PROVIDED RECORDS:
"""
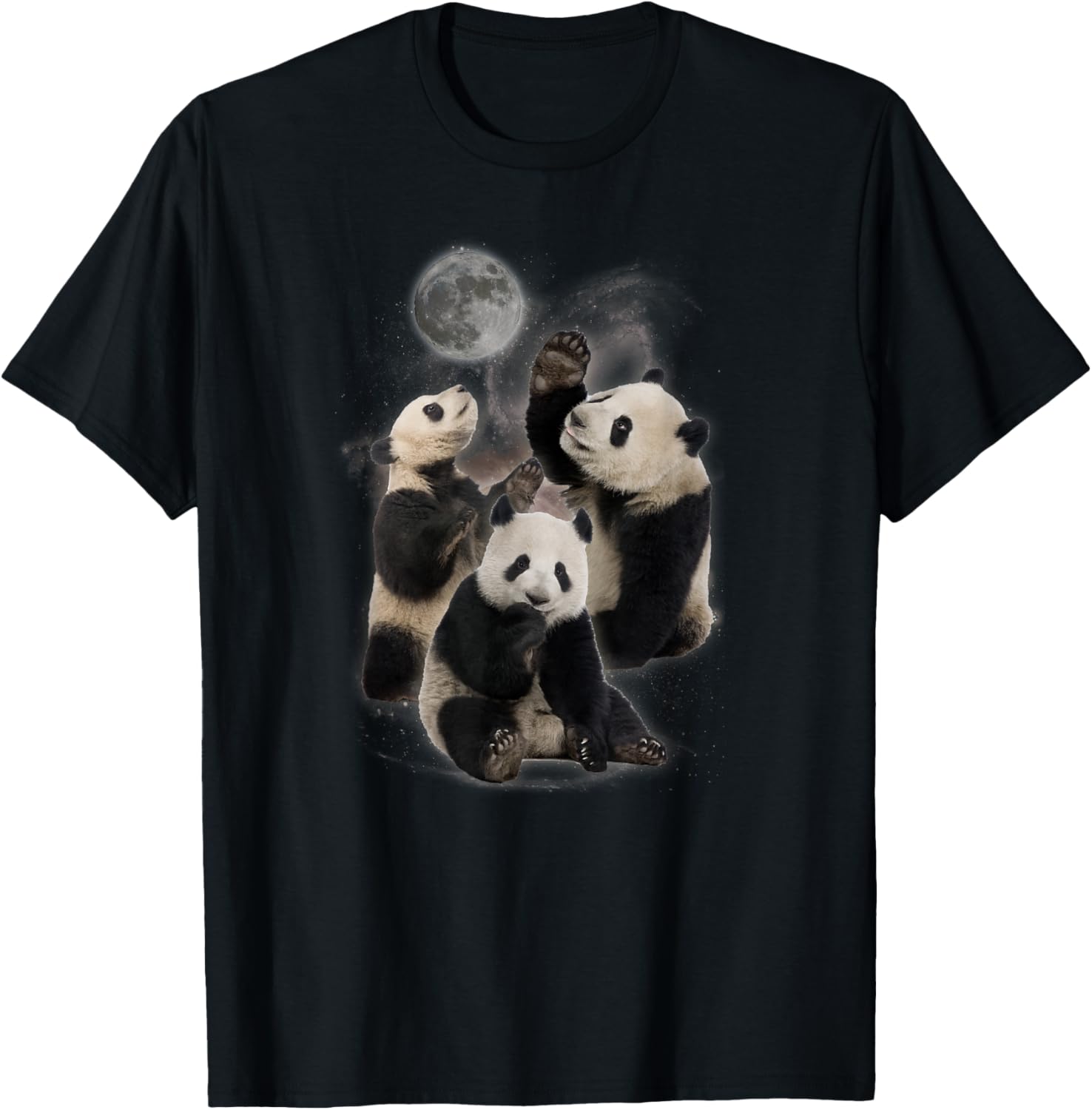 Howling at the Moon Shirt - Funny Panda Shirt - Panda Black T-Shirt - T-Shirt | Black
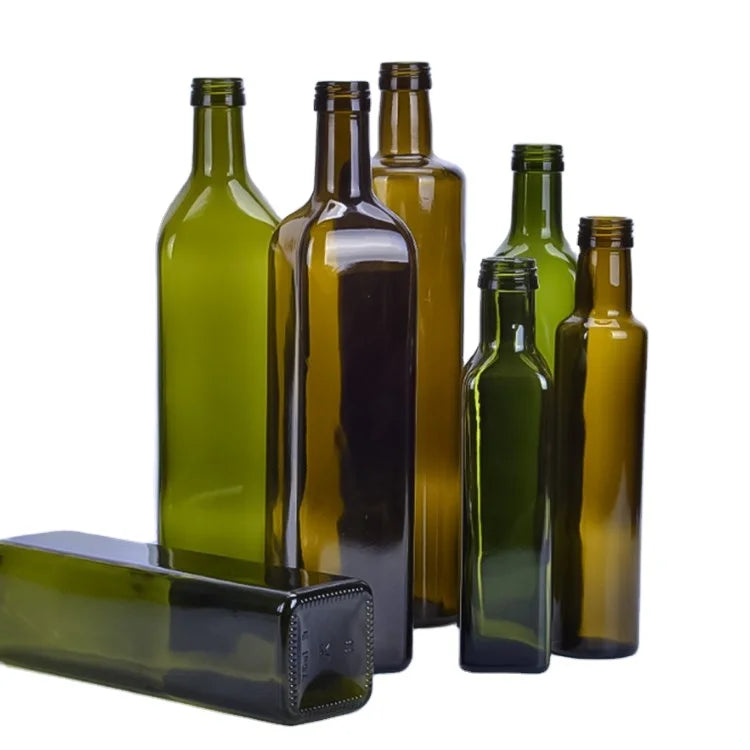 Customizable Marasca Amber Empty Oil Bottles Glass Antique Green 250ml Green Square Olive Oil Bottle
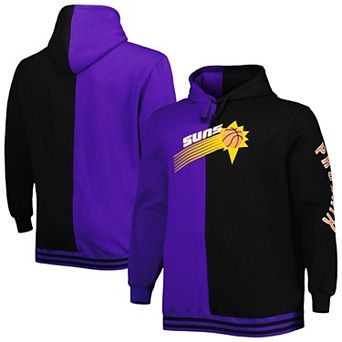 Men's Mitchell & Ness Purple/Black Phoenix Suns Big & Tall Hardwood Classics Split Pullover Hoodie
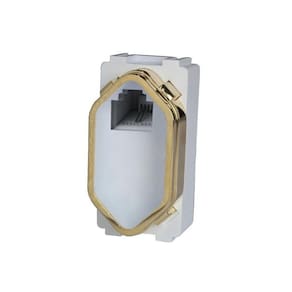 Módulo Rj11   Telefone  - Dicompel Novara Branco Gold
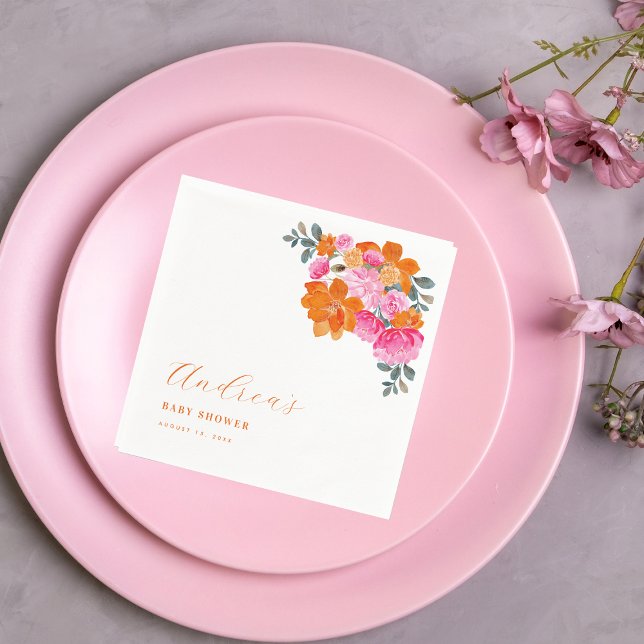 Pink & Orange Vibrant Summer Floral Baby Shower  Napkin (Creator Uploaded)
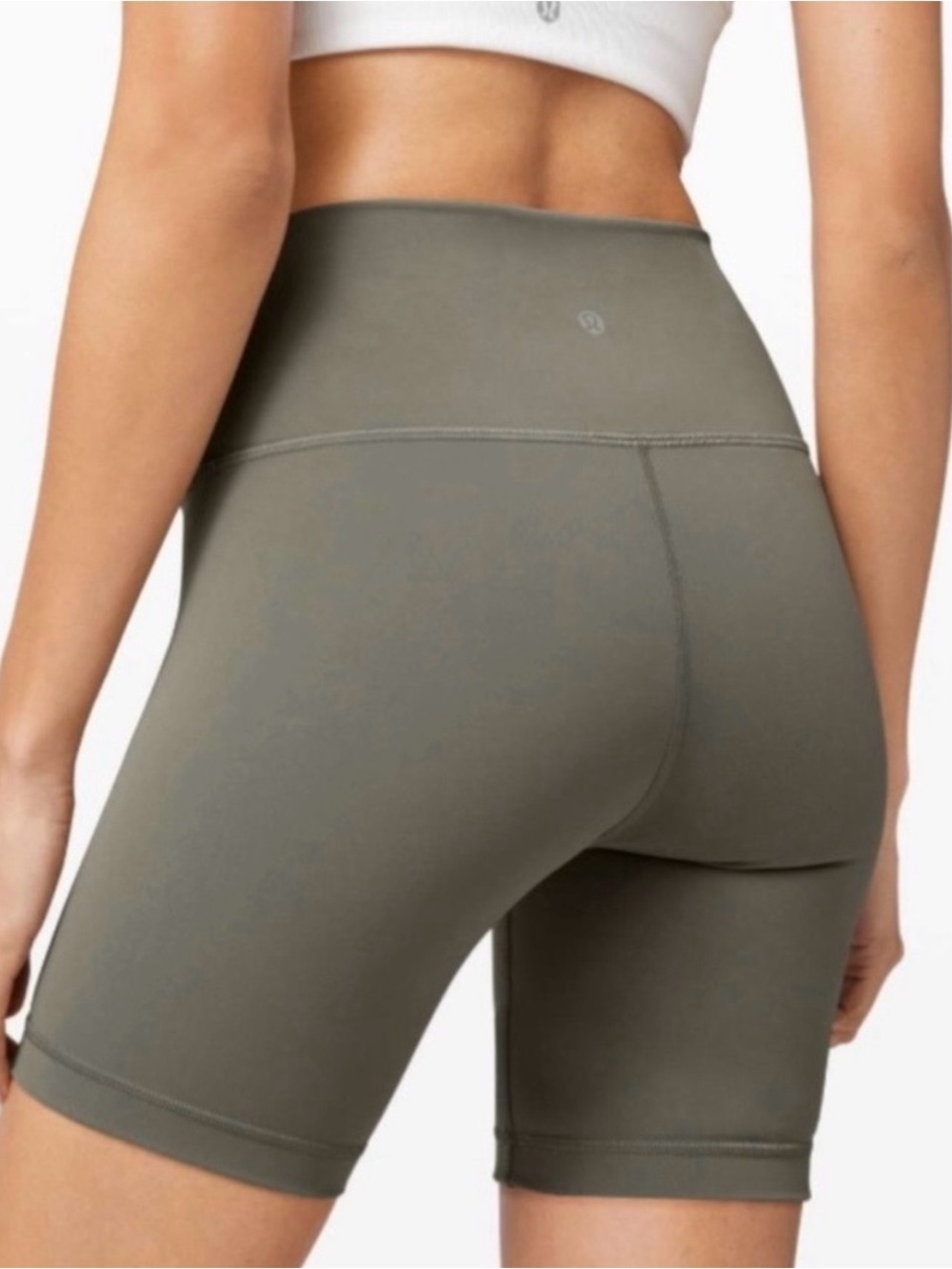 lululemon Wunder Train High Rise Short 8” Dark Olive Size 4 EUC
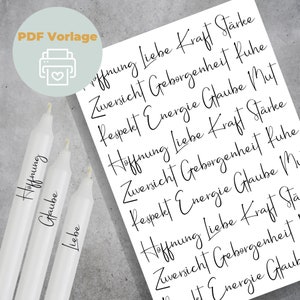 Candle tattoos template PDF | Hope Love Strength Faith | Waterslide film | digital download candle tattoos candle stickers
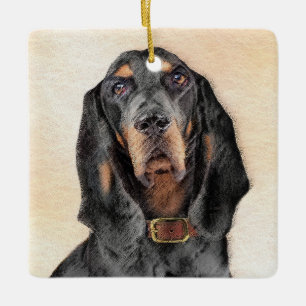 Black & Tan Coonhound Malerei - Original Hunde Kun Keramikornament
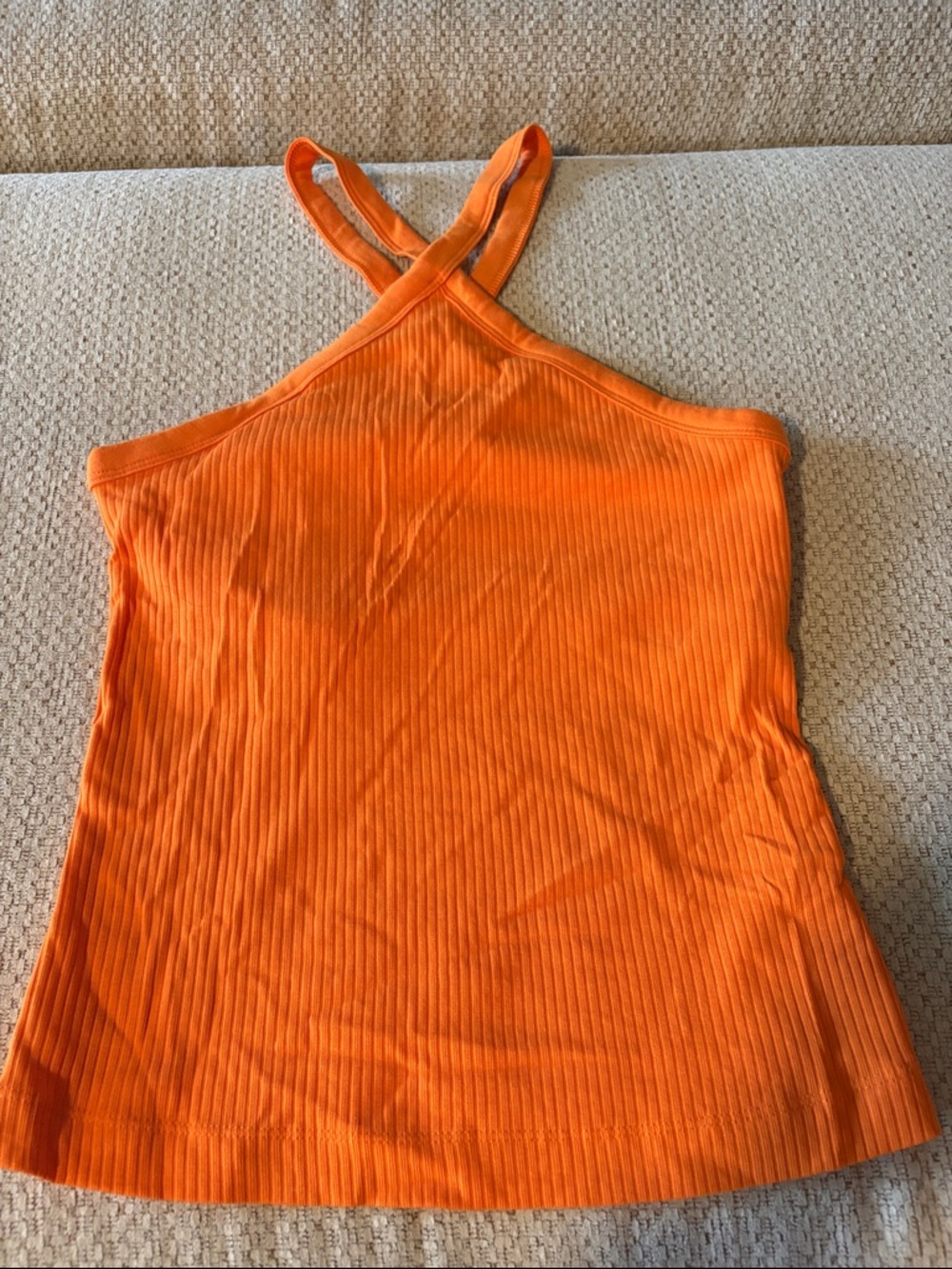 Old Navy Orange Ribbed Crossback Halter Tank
"""
ACTIVITY: Look for the line that contains "Pink & Orange", then please copy it and the rest of the lines through the end of the data, pictures excluded.

TASK RESULT:
 Pink & Orange Vibrant Summer Floral Baby Shower  Napkin (Creator Uploaded)
 lululemon Wunder Train High Rise Short 8” Dark Olive Size 4 EUC
 Candle tattoos template PDF | Hope Love Strength Faith | Waterslide film | digital download candle tattoos candle stickers
 Black & Tan Coonhound Malerei - Original Hunde Kun Keramikornament
 Old Navy Orange Ribbed Crossback Halter Tank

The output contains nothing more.